When using the Security Manager, please remove the ".../target/classes/"
values.
</description>
</property>
then of course, always run your Accumulo binaries/scripts using the HDFS
account. I’m sure I’m missing a few steps here and there…
$ACCUMULO_HOME/bin/accumulo init
…
$ACCUMULO_HOME/bin/start-all.sh
From: [email protected]
[mailto:[email protected]] On
Behalf Of Sean Busbey
Sent: Thursday, January 16, 2014 2:20 PM
To: Accumulo User List
Subject: Re: accumulo startup issue: Accumulo not initialized, there is no
instance id at /accumulo/instance_id
On Thu, Jan 16, 2014 at 1:14 PM, Kesten Broughton <[email protected]> wrote:
"You should make sure to correct the maximum number of open files for the user
that is running Accumulo."
I have the following in all /etc/security/limits.conf in my accumulo cluster
hdfs soft nofile 65536
hdfs hard nofile 65536
However, i see this for all nodes.
WARN : Max files open on 10.0.11.208 is 32768, recommend 65536
Should it be a different user or something?
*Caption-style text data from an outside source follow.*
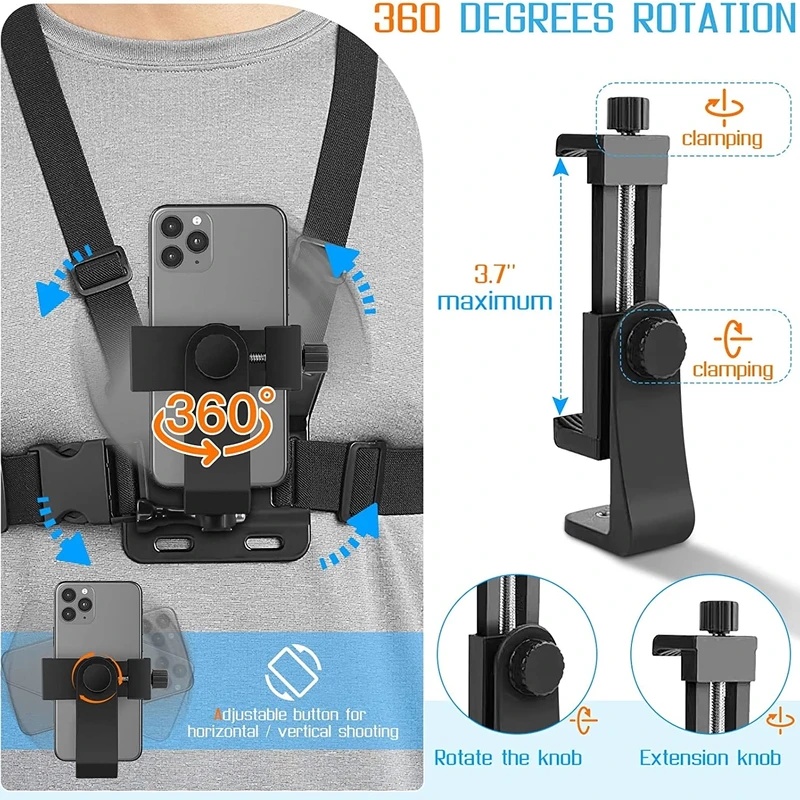 Phone Chest Strap Mount Belt f - đánh giá và giá Gopro Action Camera Hero 11 Black
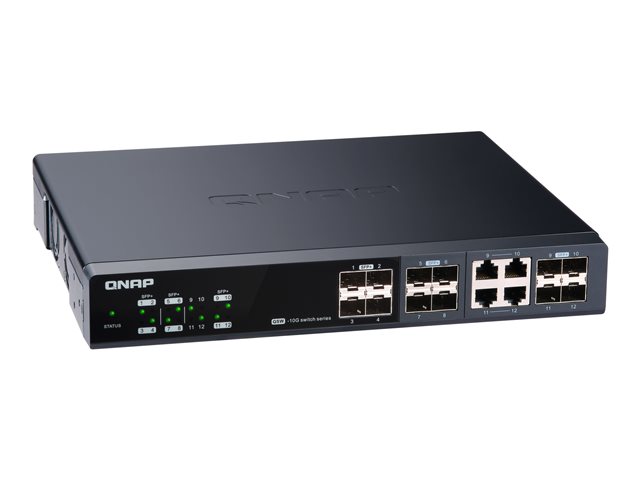 QNAP QSW-M1204-4C Managed Switch 12 port of 10GbE port speed 8 port SFP+ 4 port SFP+/ NBASE-T | JAR Computers QNAP QSW-M1204-4C Managed Switch 12 port of 10GbE port speed 8 port SFP+ 4 port SFP+/ NBASE-T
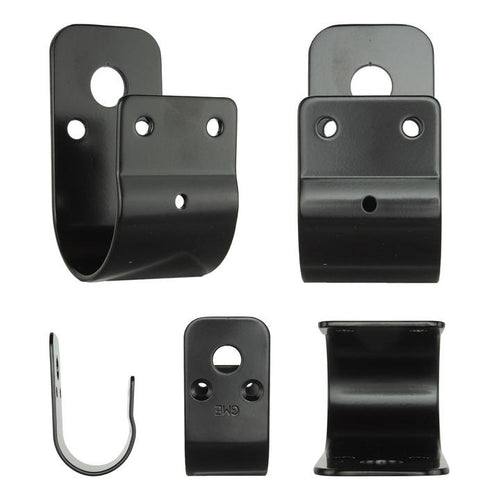GME 50mm Wrap Around Bull Bar Bracket- Black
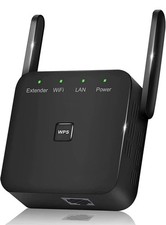 WiFi Range Extender 300Mbps .2025. Black .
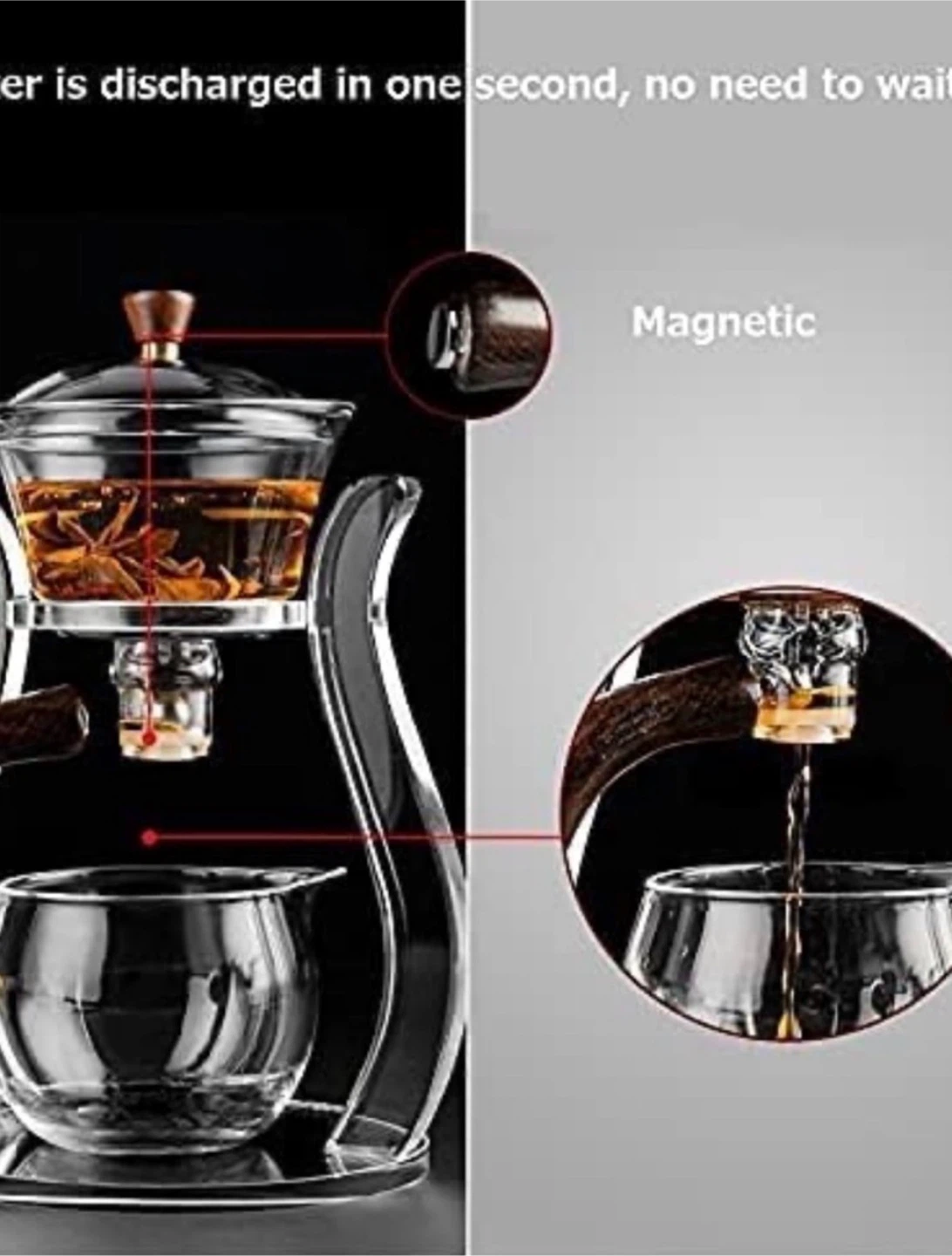 Rora Magnetic Glass Brewing Tea Set - photo 3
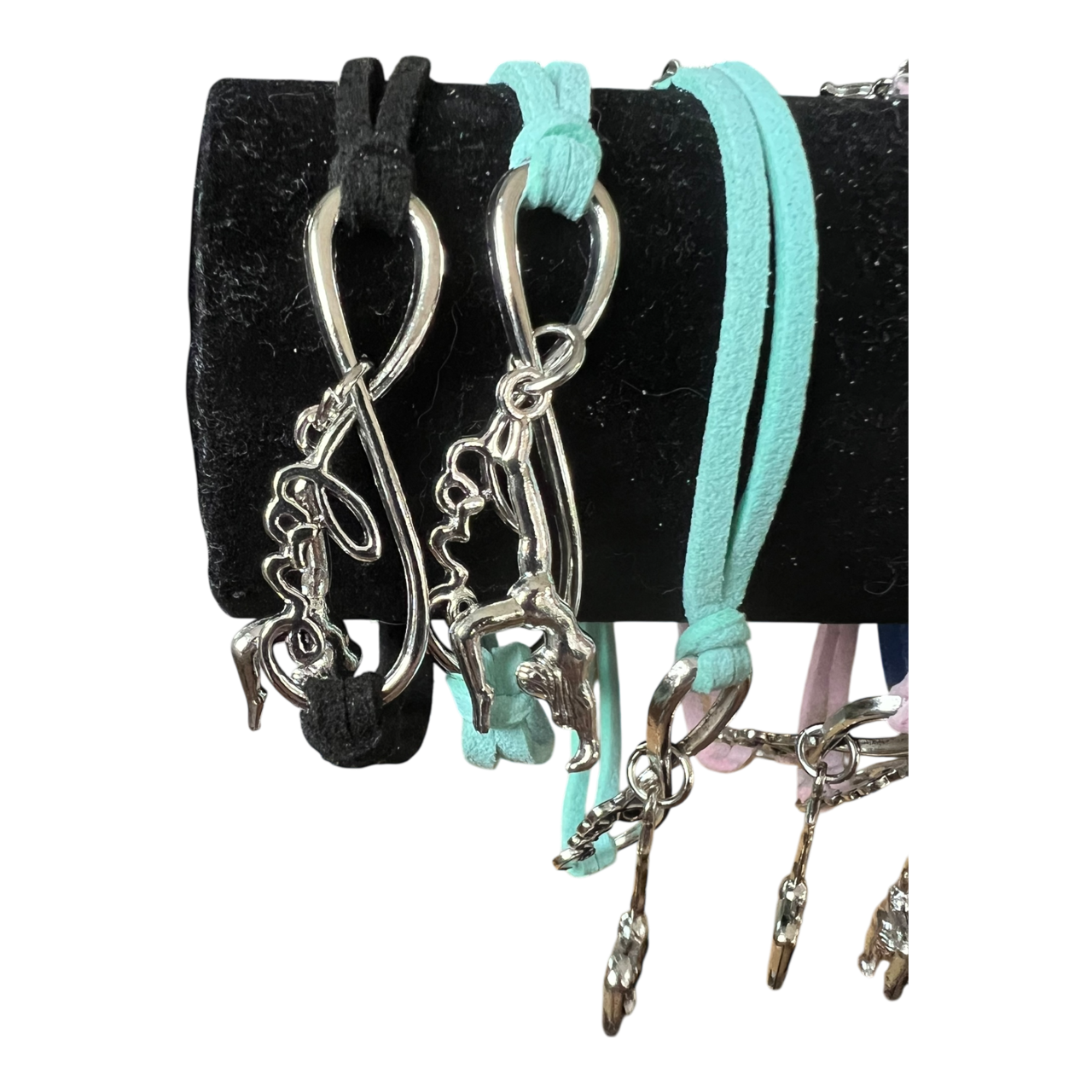 Armband mit Turnerin Charms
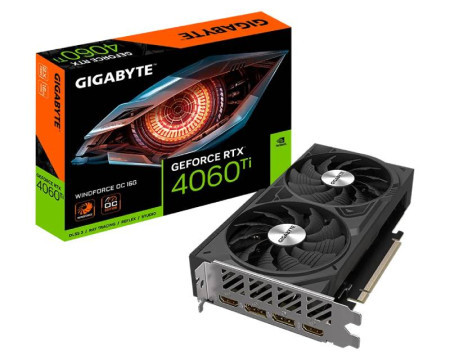 Gigabyte GeForce RTX 4060 Ti WindForce OC 16GB grafička kartica ( GV-N406TWF2OC-16GD )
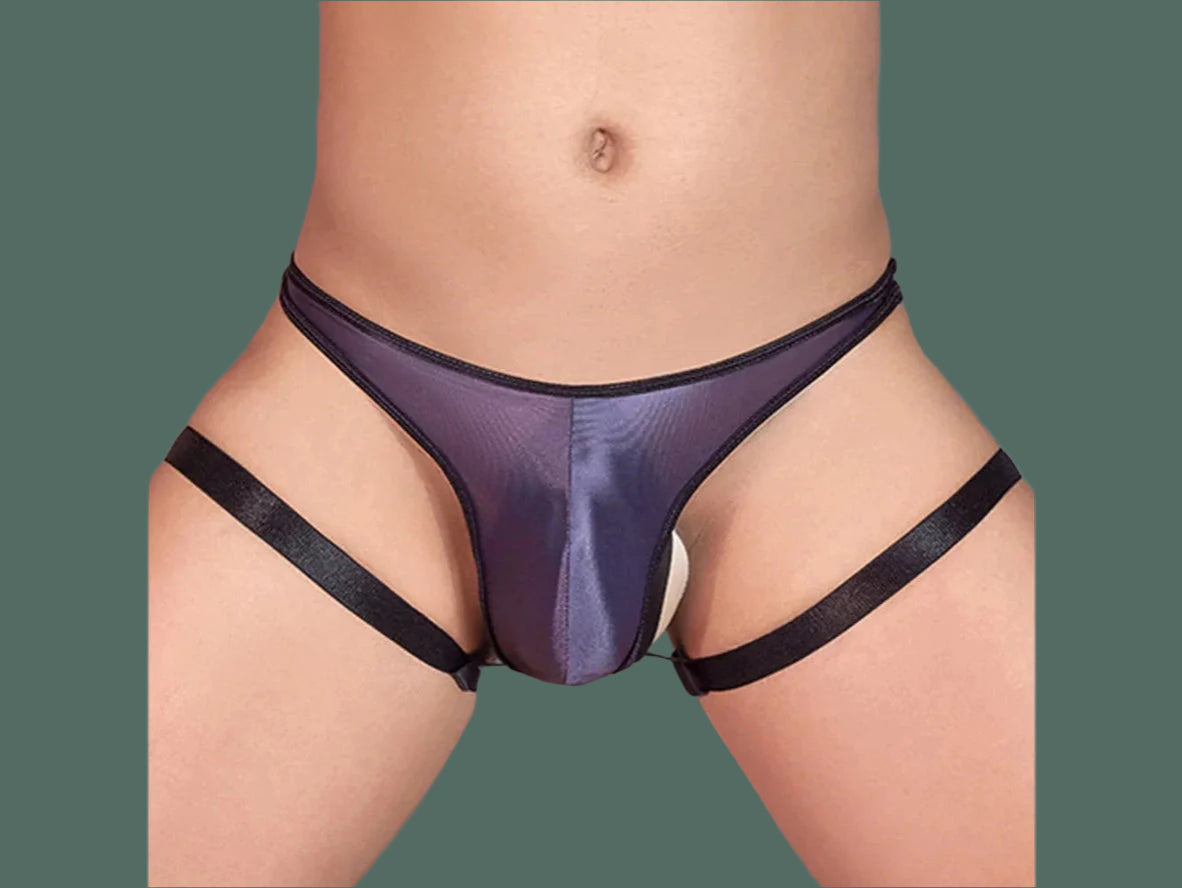 Gay Thongs | Transparent Shiny Thongs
'the user that is running Accumulo'
sudo hdfs
hdfs$ bin/accumulo -u root
so is hdfs or root the accumulo user?
The user in question here is the one who starts the Accumulo server processes.
In production environments this should be a user dedicated to Accumulo. FWIW, I
usually name this user "accumulo".
How do you start up Accumulo? a service script? running
$ACCUMULO_HOME/bin/start-all.sh? something else?